This is a follow-up posting to my article "Finding and Listing ALL Procedures, Functions, and Views in SQL Server 2005" I wrote for SQLServerCentral.com (http://www.sqlservercentral.com/articles/T-SQL/63471/). This will work with both SQL Server 2005 and SQL Server 2008.

I've found a few instances where I would've liked to be able to search through a Stored Procedure or a View for specific text in the definition; specifically to check to see if there was a reference to another Stored Procedure or View. Originally to solve this problem I had just queried the syscomments legacy view for the search string joining with sysobjects, while this was effective it has its limitations...such as this only searches objects created post-release of SQL Server. So, what happens if you want to search for a specific string in ALL of the programmable objects? Well, then we fall back to our trusty view of sys.all_objects! We can join it with sys.all_sql_modules and get almost all of what we need...almost.

Now, we can do a clever query that will join sys.all_objects and sys.all_sql_modules. Something like:

DECLARE @SearchString NVARCHAR(MAX)
SET @SearchString = 'ENTER_SEARCH_TEXT_HERE'
SELECT [ao].[name], [asm].[definition]
FROM sys.all_objects ao
JOIN sys.all_sql_modules asm
ON [ao].[object_id] = [asm].[object_id]
WHERE [asm].[definition] LIKE '%' + @SearchString + '%'
--AND [ao].[is_ms_shipped] = 0 --Only search user & post SQL release objects, or
--Change the above value to 1 to only include objects provided by Microsoft with the release of SQL Server
--Optional  to limit search results....
--AND [ao].[type] = 'P' --Search only Stored Procedures
--AND [ao].[type] <> 'V' --Exclude Views
--See referenced article for listing of additional object types

This would do the job for the most part, the only missing items would be constraints and rules for the most part; which how many times do you really need to search a constraint for a specific string of text?

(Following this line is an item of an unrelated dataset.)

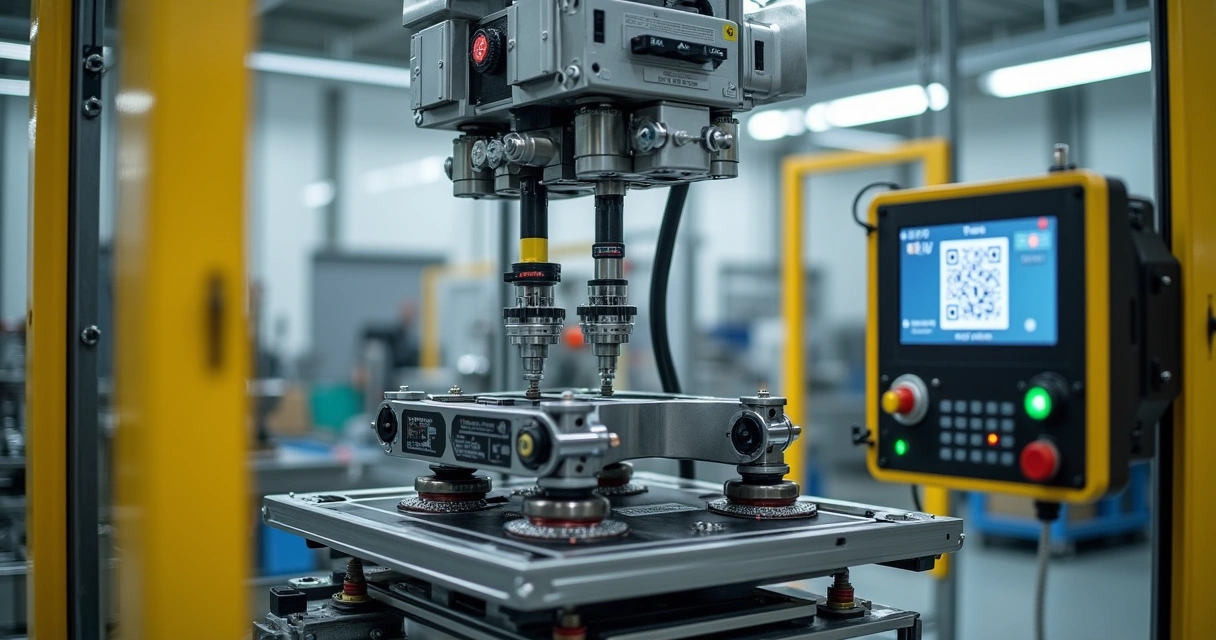 Linha automatizada montando buchas e cravando rebites com dispositivos conforme NR-12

Now, the execution plan shows that this can be a little bit of a resource monger. Here's the estimated execution plan I get for this:

Plan_For_Defintion_Search_by_Joins

This Execution Plan is OK; there's a lot of Clustered Index Scans and Compute Scalars. You might be able to improve upon this with some ingenious Indexing, hints and such...but, again...why bother? You'll have to upkeep it and monitor yet another query plan. So, I'm not too keen on this plan myself and I don't like that this query still doesn't do everything...I want everything or nothing (start my pouting and tantrum).

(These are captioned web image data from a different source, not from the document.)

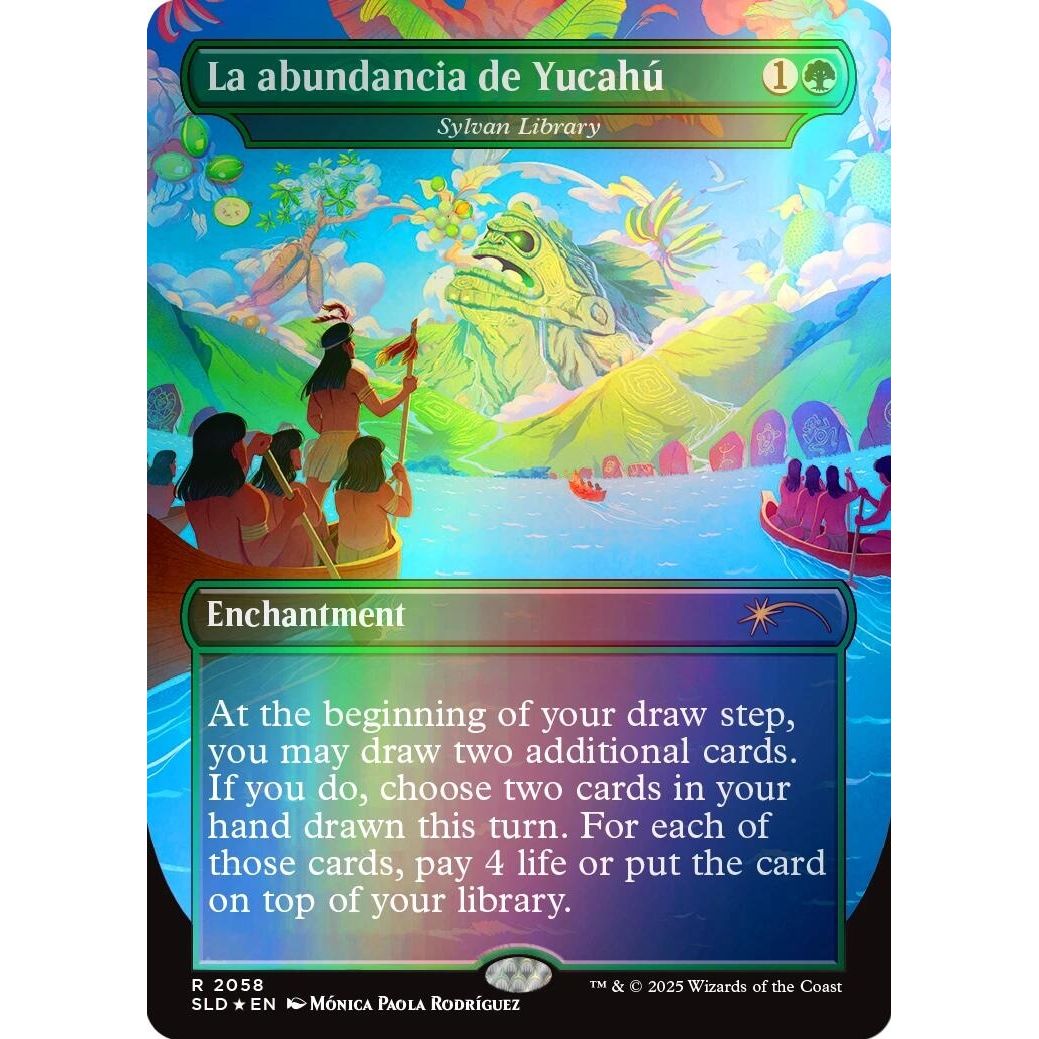 Image for La abundancia de Yucahú - Sylvan Library (Rainbow Foil) (2058) (SLD) - Magic: The Gathering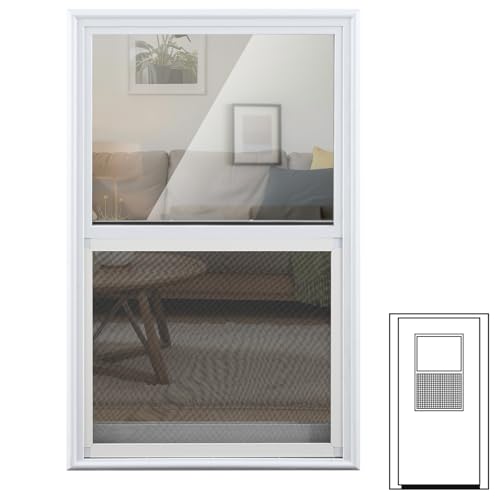 DoubleFill 24 x 38 Door Glass Insert Replacement Kit for Front or Exterior Doors Venting Sliding Window with Screen Double Pane Tempered Glass Insert for 1-3/4 Doors Home Improvement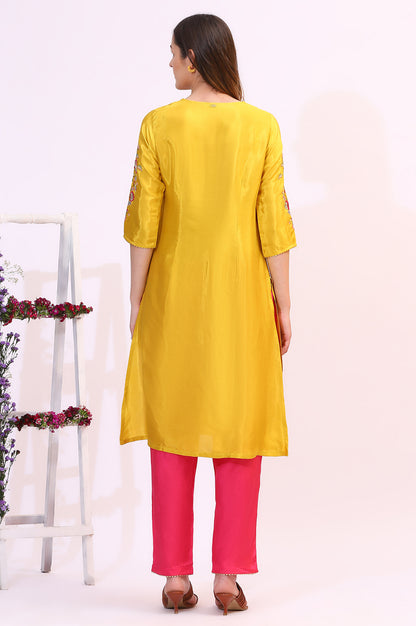 Yellow Embroidered Shantung Straight Kurta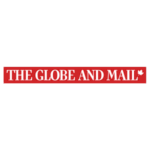 The Globe and Mail logo with text in white on a red background and a small maple leaf symbol.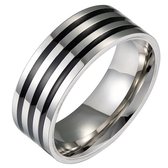 Ring Heren Zilver kleurig - Staal - Drie Dubbele Black Belt - Ringen - Cadeau voor Man - Mannen Cadeautjes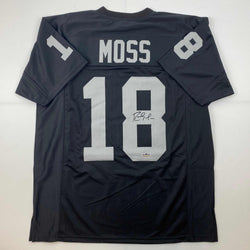 Facsimile Autographed Randy Moss Oakland Las Vegas Black Reprint Laser Auto Football Jersey Size Men's XL (ONLINE ORDER ONLY)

As I said, I want it all. So the problem for me here is that there is that 1 in 1,000,000 chance I'll need to search a constraint and then that means I'll have to either modify my code or discover a new method...why bother doing it again later if we can just make it do what we want now. Plus, and this may be more important for myself; I want something that is easier to read and understand at a later time and uses less resources. Time and resources is the name of the game we play as DBAs!

How do we solve this? Can it be done? It sure can! Enter the sacred "OBJECT_DEFINITION" function! This little function helps us out a lot by eliminating the need to manually join tables and the return results is the exact column (definition column) that we are wanting also! Let's take a look at the same search function using this syntax instead of joins:

DECLARE @SearchString NVARCHAR(MAX)
SET @SearchString = 'ENTER_SEARCH_TEXT_HERE'
SELECT [name], OBJECT_DEFINITION(OBJECT_ID([name]))
FROM sys.all_objects
WHERE OBJECT_DEFINITION(object_id([name])) LIKE '%' + @SearchString + '%'
--Optional  to limit search results....
--AND [is_ms_shipped] = 0 --Only search user & post SQL release objects
--Change the above value to 1 to only include objects provided by Microsoft with the release of SQL Server
--AND [type] = 'P' --Search only Stored Procedures
--AND [type] <> 'V' --Exclude Views
--See referenced article for listing of additional object types

As you can see, this is a lot cleaner to read. We can easily tell what is being queried and how the query results should be returned to us. Not much to look at here; we query the sys.all_objects view to find the proper object and then tell SQL that we want to view the object's definition...simple enough.

Now, let's look at the execution plan for this query. We know the query is straight forward, I'm guessing the execution plan will be also! Let's see:

Plan_For_Defintion_Search_by_Object_Definition

Well, it definitely is a smaller execution plan. Almost 1/2 the plan of the original query! Not bad at all. I'd venture a guess that this will be much less resource intense on our machine, and that means less time! I like less time!

Now, we can see that using SQL Server's "Object_Definition" function improves the ability to search the definitions. I'm sure you can see with the above that when possible use a SQL built-in function, these are here to help us. As they say...'why reinvent the wheel?'; I'd say for sure that this object_definition function is already optimized to run in SQL and that it's a fairly safe bet that we DBAs wouldn't be able to optimize our JOIN statement to this level...and if you happen to be able to even come close to the same optimization, I'd be willing to wager that you spent more time than it was worth to get to that point. With that said, it brings me back to my original statement...why bother?

Keep looking for those built-in functions, you'll find there are many of them inside SQL Server that will not only make your DBA life easier and quicker, but also more fun!

Until next time, Happy Coding!!!